Igualmente sucede con el criterio causal. Es común llamar heridas a las ulceraciones de origen traumático. El que intervenga un factor que no es morfológico (pero sí clínico) no invalida un término que, de hecho, es utilizado y reconocido por todos.
Respecto al paradigma morfológico (2). ¿Tenemos que ser tan puristas que, para basarnos únicamente en criterios morfológicos, volvamos atrás y hablemos de «bubas»? Aunque considero que la clínica sigue siendo esencial, el integrismo no debe llevarnos a ser retrógrados.

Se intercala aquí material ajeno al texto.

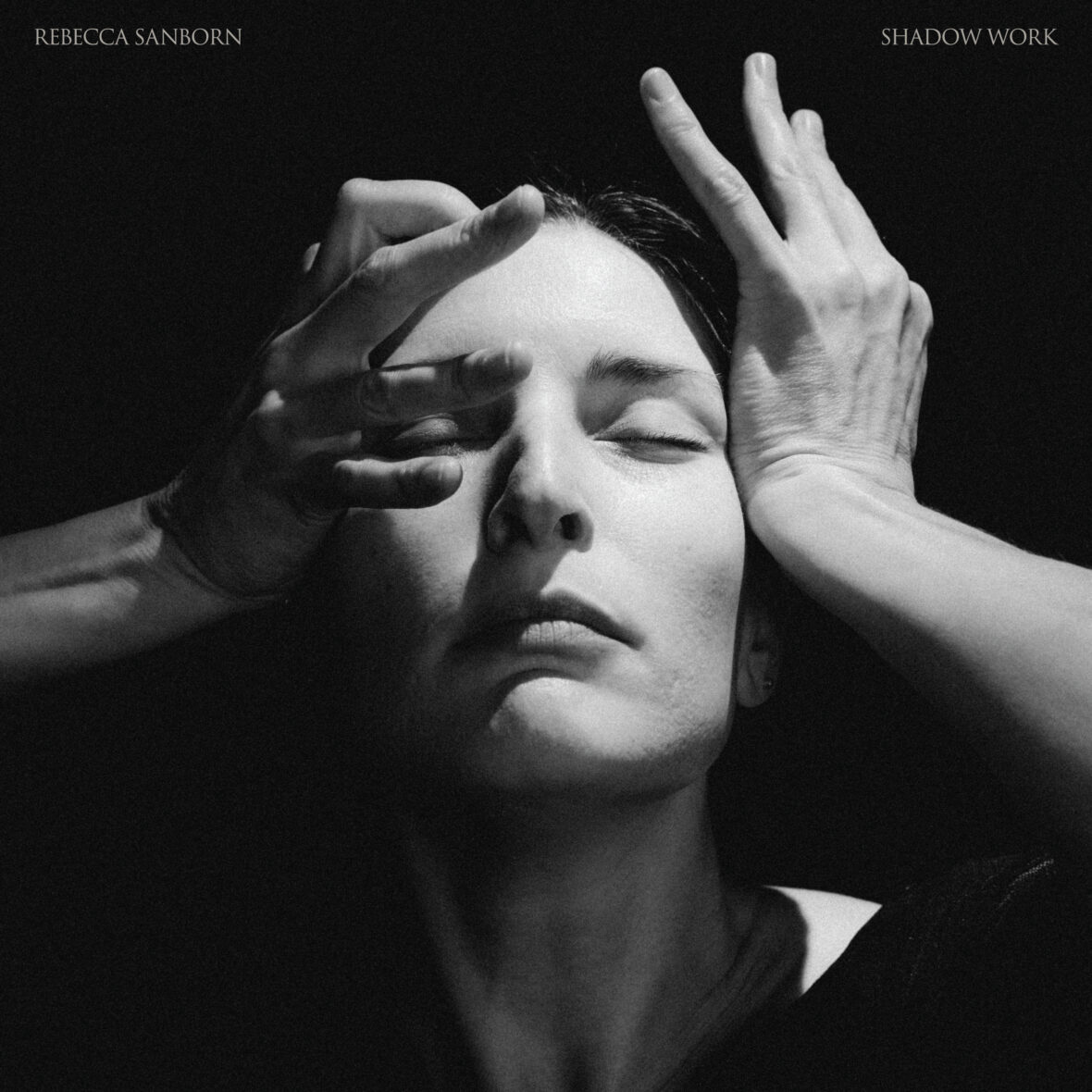A woman with an expressionless face in the shadows holding her hands to her face.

En fin, es evidente que la lista de lesiones elementales no puede ser indefinida. Por ello hay una serie de alteraciones patológicas que muchos autores no incluyen ni definen. Es el caso de manifestaciones como alopecia, hipertricosis, aplasia, hiperplasia --señaladas entre otras por Vázquez López y colaboradores como no definidas por la mayoría de los textos que estudian-- que no requieren una definición dermatológica puesto que son nociones de Medicina.

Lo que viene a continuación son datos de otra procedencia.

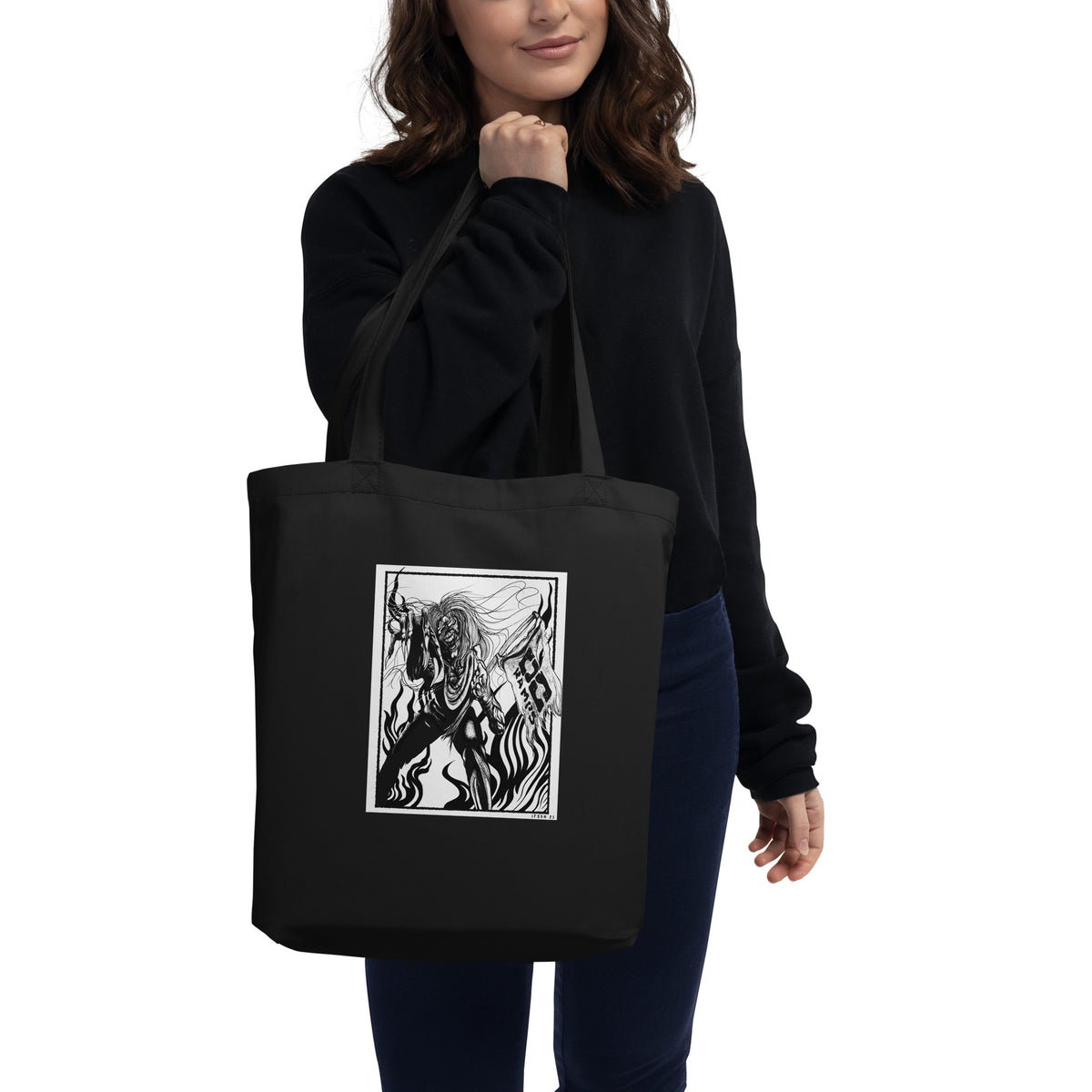 Person carrying the black Fulgore Demon tote bag over one shoulder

Para concluir este apartado sobre lo que Vázquez López y colaboradores consideran «la existencia de dos dialectos» según se aplique un código morfológico o morfoevolutivo (2), creo que ambos pueden coexis-tir. Si tengo que elegir uno --ya lo hice desde hace más de 40 años-- me quedaré con el menos restrictivo. Porque es más útil y rico en matices. Cuando hago un diagnóstico clínico de alopecia neoplásica o de mucinosis folicular ¿no estoy prejuzgando también algo que no veo y que en muchos casos ulteriormente se podrá confirmar? Es evidente que no me conformo con definir las lesiones por su tamaño horizontal (diámetro) o vertical (profundidad), sino que valoro todos los criterios que puedo utilizar.
COMENTARIO FINAL
A estos comentarios, que he llevado a cabo «por alusiones» de su excelente y minucioso trabajo, quiero añadir que no estoy de acuerdo con ciertos autores (Resnick y Ackerman) en la falta de comunicación entre los dermatólogos; a pesar de las diferencias nos entendemos, igual que a pesar de los distintos giros entre inglés británico y americano o español peninsular y latino-americano, nos comprendemos sin problemas.

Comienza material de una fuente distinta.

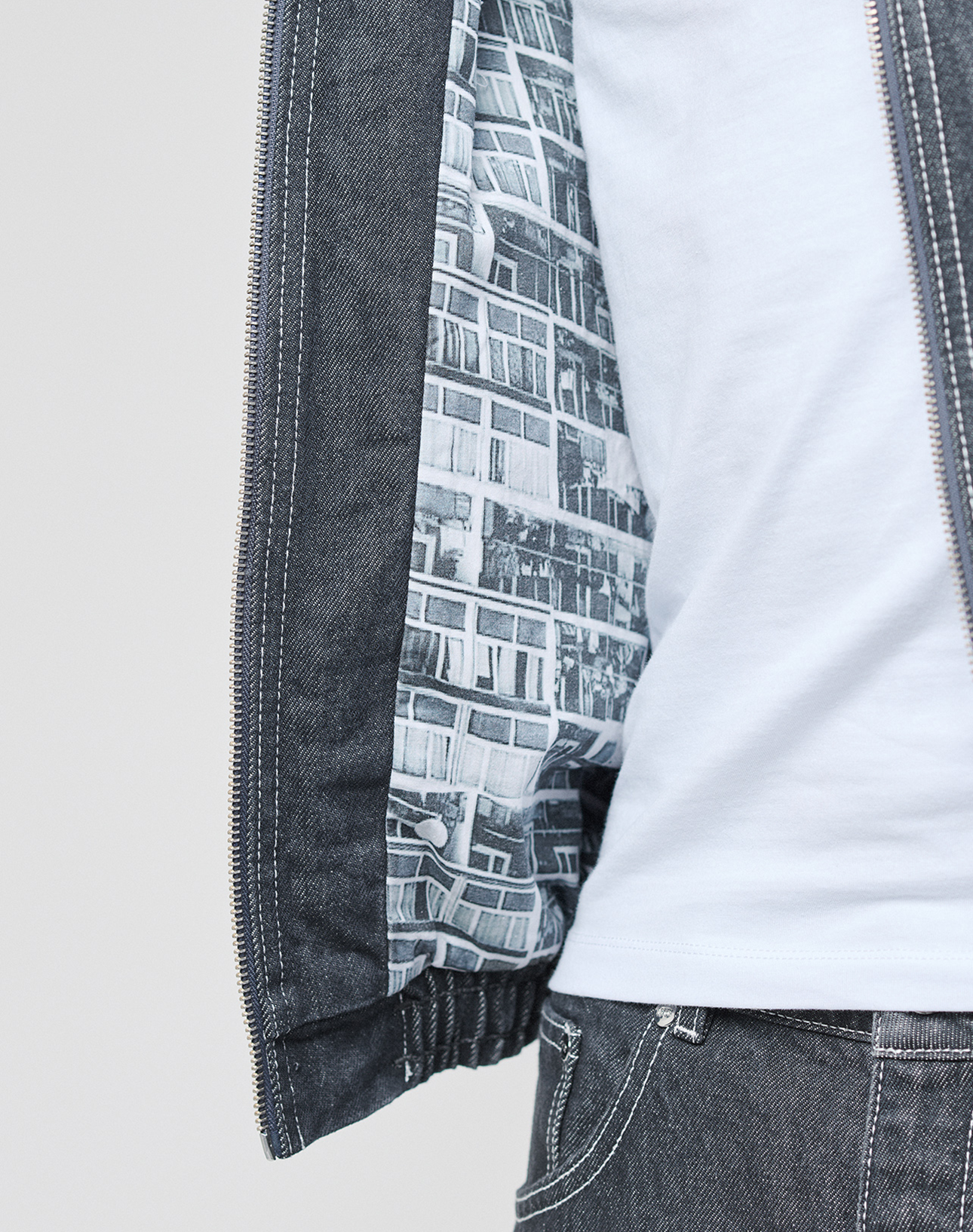 A person wears the LFDY Denim Trackjacket by LIVE FAST DIE YOUNG, featuring a Stehkragen, black-and-white cityscape lining, and 100% Baumwolle. Paired with a white shirt and denim jeans; only the torso and part of one arm are visible.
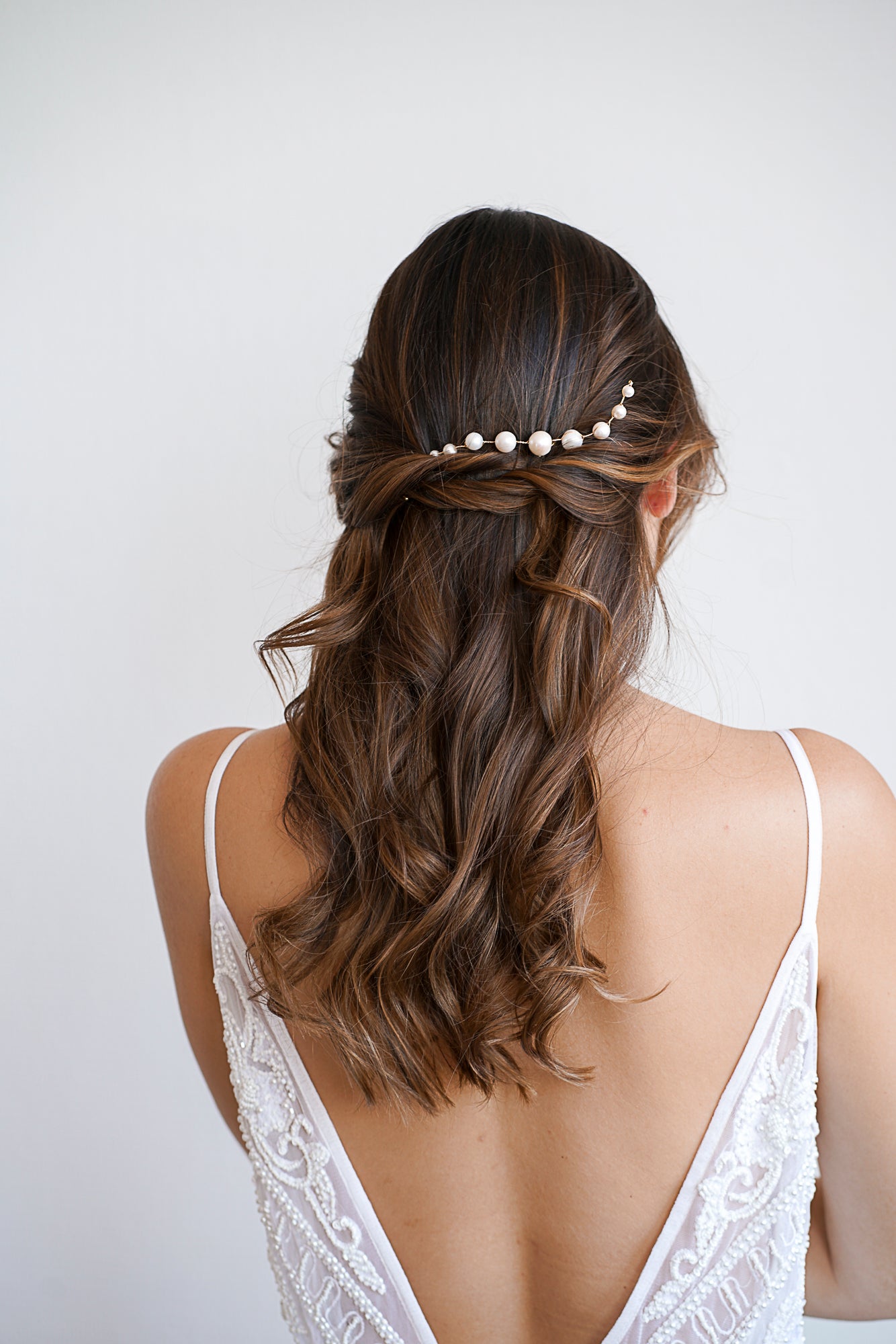 Mariée avec de beaux cheveux long bouclés au style bohème portant un pic à cheveux à neuf perles blanches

Hablando de terminología, no estaría de más que un pequeño grupo o comisión ad hoc estudiase y redactase un listado consensuado de términos dermatológicos actuales en nuestro idioma como en su día hicieron los franceses (13). Para que uniformemente digamos todos erupción en vez de rash, carcinoma en lugar de epitelioma, hamartoma epidérmico y no nevus epidérmico, candidiasis evitando moniliasis o tinea pedis para no decir pie de atleta. O los términos que dicha comisión acuerde como más adecuados, ya que los que señalo son únicamente ejemplo de designaciones que merece la pena estudiar. Lo que indico es la necesidad de una iniciativa para discutir y uniformar la nomenclatura en nuestra lengua, adecuándola a nuestros tiempos.
Hace poco, en un editorial que está en prensa en el Journal of the European Academy of Dermatology and Venereology (14) señalaba yo que ya no es tiempo de llamar «herpes» (herpes circinado) a una infección micósica, ni «micosis» (micosis fungoides) a una proliferación linfocitaria maligna. Aunque es bueno mantener las tradiciones hay que mirar al futuro. Y espero que llegue un día en que los dermatólogos tengamos conocimientos suficientes sobre las causas y mecanismos de las dermatosis para que no tengamos que utilizar denominaciones botánicas, como «liquen», para reacciones inmunológicas mediadas por células.
Y termino. ¿Que hay diversidad en las definiciones, variedad de criterios y diferencia de códigos? Busquemos el común denominador y podremos aplicar lo que en una famosa frase dijo de la política el escritor y periodista satírico francés Jean Baptiste Alphonse Karr: «Plus c'est différent, plus c'est la même chose!» («¡Cuanto más se cambia, más queda todo igual!», que aplicado a nuestro caso sería «¡Cuanto más diferente, más semejanzas!»).